Managed pointers in the Java heap point to objects which are aligned on 8-byte address boundaries. Compressed oops represent managed pointers (in many but not all places in the JVM software) as 32-bit object offsets from the 64-bit Java heap base address. Because they're object offsets rather than byte offsets, they can be used to address up to four billion objects (not bytes), or a heap size of up to about 32 gigabytes. To use them, they must be scaled by a factor of 8 and added to the Java heap base address to find the object to which they refer. Object sizes using compressed oops are comparable to those in ILP32 mode.
The term decode is used to express the operation by which a 32-bit compressed oop is converted into a 64-bit native address into the managed heap. The inverse operation is referred to as encoding.

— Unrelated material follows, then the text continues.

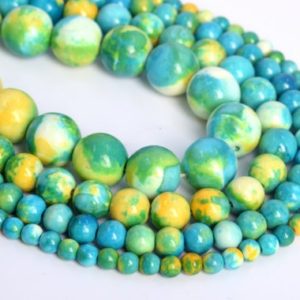Shop Jade Round Beads! Green Blue & Yellow Rain Flower Jade Loose Beads Round Shape 6mm 8mm 10mm 12mm | Natural genuine round Jade beads for beading and jewelry making.  #jewelry #beads #beadedjewelry #diyjewelry #jewelrymaking #beadstore #beading #affiliate #ad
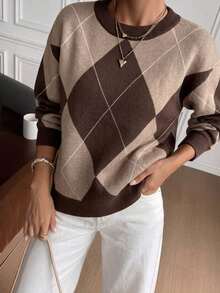 Muvela Women's Casual  Brown Colorblock Argyle Sweater, Autumn/Winter Brunch Going Out Top Casualfour Seasonsautumn Back Toschool Work Festival - Multicolor - View 4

Compressed oops is supported and enabled by default in Java SE 6u23 and
later.
In Java SE 7, use of compressed oops is the default for 64-bit JVM
processes when -Xmx
isn't specified and for values of
-Xmx
less than 32 gigabytes. For JDK 6 before the 6u23
release, use the
-XX:+UseCompressedOops
flag with the java
command to enable the feature.
When using compressed oops in a 64-bit Java Virtual Machine process, the JVM software asks the operating system to reserve memory for the Java heap starting at virtual address zero. If the operating system supports such a request and can reserve memory for the Java heap at virtual address zero, then zero-based compressed oops are used.
Use of zero-based compressed oops means that a 64-bit pointer can be decoded from a 32-bit object offset without adding in the Java heap base address. For heap sizes less than 4 gigabytes, the JVM software can use a byte offset instead of an object offset and thus also avoid scaling the offset by 8. Encoding a 64-bit address into a 32-bit offset is correspondingly efficient.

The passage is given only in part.